I just read the idea of Euler's proof that $\zeta(2) = \frac{\pi^2}{6}$. He studied the Taylor series of the function $\frac{\sin \pi x}{x}$.
Does someone know if he by chance was studying this function and found the connection with the Riemann Zeta Function? Or did he have some intuition that this was the right function to work with?
Obligatory "not a full answer, but too long for comments". That being said, this will get you 90% of the way there.

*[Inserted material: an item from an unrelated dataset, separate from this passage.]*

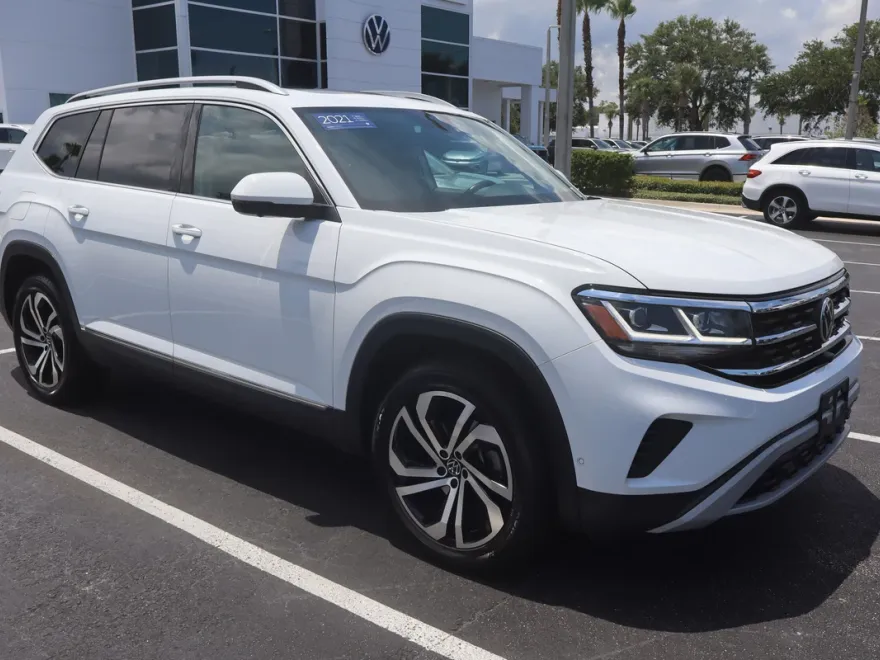 2021 Volkswagen Atlas SE Premium photo 1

As mentioned in my comment, the idea of the proof is essentially covered in Mathologer's video on "Euler's crazy pi formula generator". The difference is we start by looking at Euler's product formula for $\sin x$, which can be manipulated or derived to/from many other series', such as a Taylor series for $\sin(\frac{\pi x}{x})$.

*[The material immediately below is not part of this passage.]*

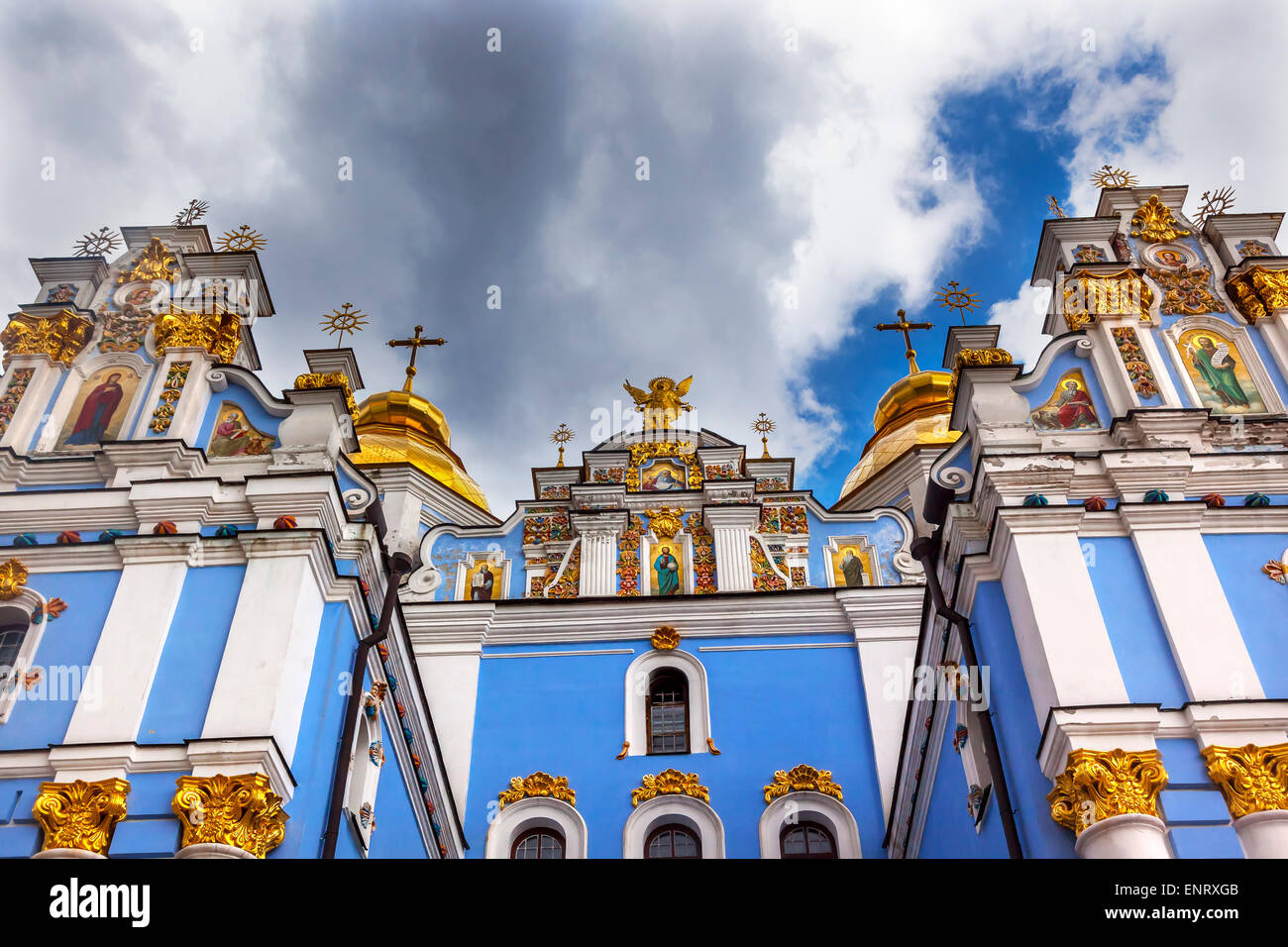 San Michele Cattedrale del monastero di guglie di campanili facciata ucraina di Kiev. Foto Stock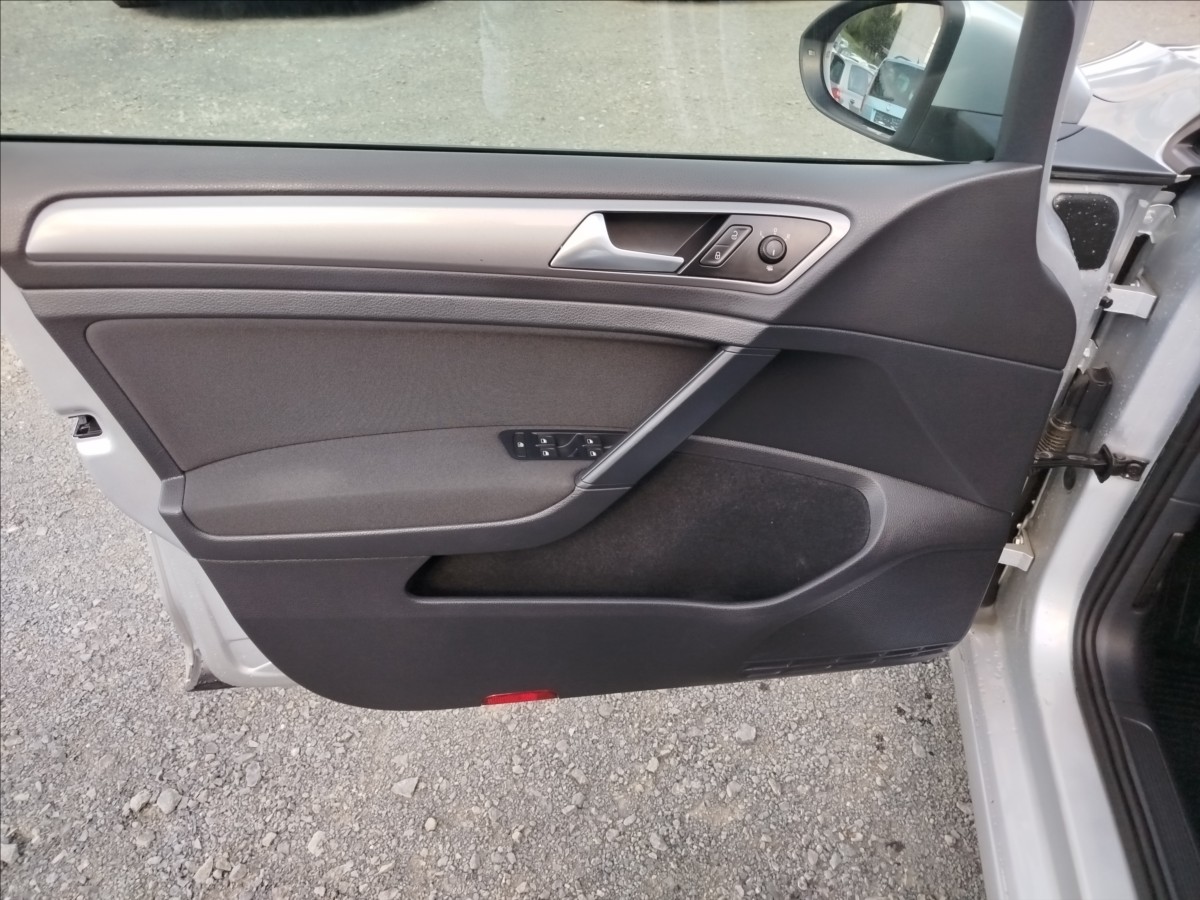 volkswagen-golf-1-4-tsi-90-kw-servis-pouze-vw - 8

$$\sin x = x\left(1-\frac{x}{\pi}\right)\left(1+\frac{x}{\pi}\right)\left(1-\frac{x}{2\pi}\right)\left(1+\frac{x}{2\pi}\right)\left(1-\frac{x}{3\pi}\right)(\dots)$$
This is the foundation for exploring it's relationship to the zeta function. We begin by looking at pairs of terms, and notice they can be simplified as they bare the of the form of the difference of two squares:
$$\sin x = x\left(1-\frac{x^2}{\pi^2}\right)\left(1-\frac{x^2}{(2\pi)^2}\right)\left(1-\frac{x^2}{(3\pi)^2}\right)(\dots)$$
The next step is a bit tricky, and I must admit I don't entirely grasp it (again, better described by Mathologer). The gist of it is that we now essentially get clever with our choices in expanding and grouping specific terms, which yields:
$$\sin x = x+\left(-\frac{1}{\pi^2}-\frac{1}{(2\pi)^2}-\frac{1}{(3\pi)^2}-\dots\right)x^3+(\dots)x^5+(\dots)$$
Now, after differentiating thrice, we're left with a series preceded by a very useful $\color{red}{\text{constant}}$.

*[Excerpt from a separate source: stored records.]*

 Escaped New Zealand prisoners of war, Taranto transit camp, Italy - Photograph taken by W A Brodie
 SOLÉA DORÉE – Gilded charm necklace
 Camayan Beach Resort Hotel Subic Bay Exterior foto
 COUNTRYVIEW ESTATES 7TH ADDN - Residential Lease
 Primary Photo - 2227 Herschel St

$$-\cos x = \color{red}{\left(-\frac{1}{\pi^2}-\frac{1}{(2\pi)^2}-\frac{1}{(3\pi)^2}-\dots\right)6}+(\dots)60x^2+(\dots)$$
Evaluating this at $x=0$ gets rid of all the terms proceeding the constant.
$$\cos 0 =1= \left(\frac{1}{\pi^2}+\frac{1}{(2\pi)^2}+\frac{1}{(3\pi)^2}+\dots\right)6$$ Which can trivially be rearranged to find a formula for $\frac{\pi^2}{6}$, which just-so-happens to be of the same form as $\zeta(2)$. $$\frac{\pi^2}{6}=\frac{1}{1^2}+\frac{1}{2^2}+\frac{1}{3^2}+\dots=\zeta(2)$$
QED
As for if Euler knew beforehand that this process would result in a zeta-function-like form, is unclear. As with all long term mathematicians, both inexplicable intuition (as with the case of a lot of Euler's work) and stumbling-upon-by-chance is inevitable.
Note: I imagine it to be very difficult to algebraically manipulate these formulas for other values of the zeta function. Hence, I don't believe studying this series for sole the intention of it's general relationship to the zeta function was his intention. Clearly, it's very much related to $\zeta(2)$ and, as I imagine, also consequently related to $\zeta(2k)$ (as those are the values for which $\zeta$ yields multiples of powers of $\pi$).